**RECORDS SUPPLIED:**
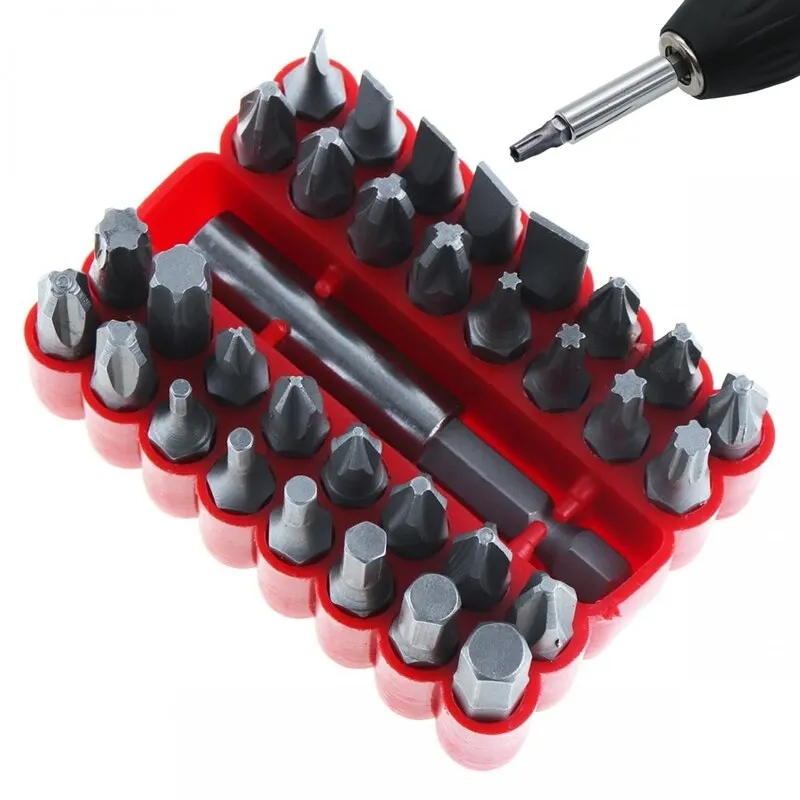 

33pcs Security Bit Set with Magnetic Extension Bit Holder Tamper Star Screwdriver Bits Set Quick Release Bit Holder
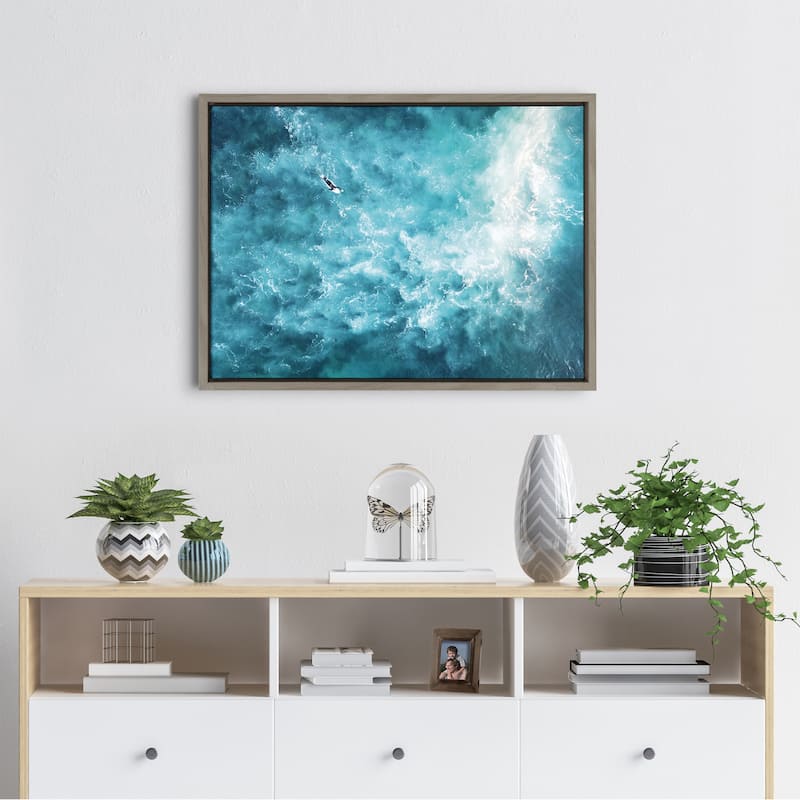 Kate and Laurel Sylvie La Jolla 7 Framed Canvas by Rachel Bolgov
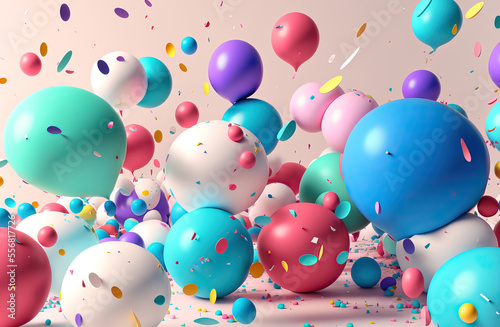 Obraz na płótnie party balloons,balloons with confetti,colorful balloons background,balloons background,celebrate w salonie
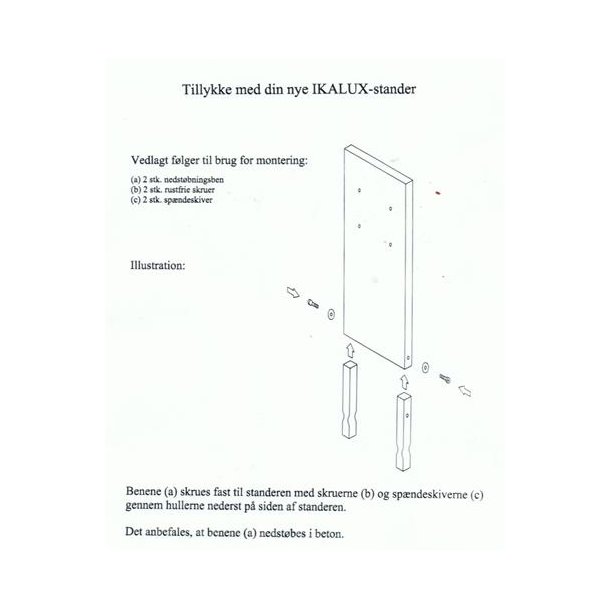 IKALUX Pladestander i aluminium.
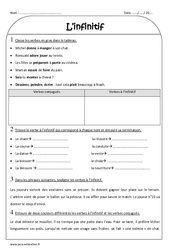 Infinitif - Exercices  sur les verbes : 5ème Harmos - PDF à imprimer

**EXERCISE AIM:**
Everything from the line with "Kate and Laurel" through the last line of the listing above is to be copied exactly, both ends included, except the pictures.

**ANSWER SPACE:**
 Kate and Laurel Sylvie La Jolla 7 Framed Canvas by Rachel Bolgov
 Obraz na płótnie party balloons,balloons with confetti,colorful balloons background,balloons background,celebrate w salonie
 IKALUX Pladestander i aluminium.
 Infinitif - Exercices  sur les verbes : 5ème Harmos - PDF à imprimer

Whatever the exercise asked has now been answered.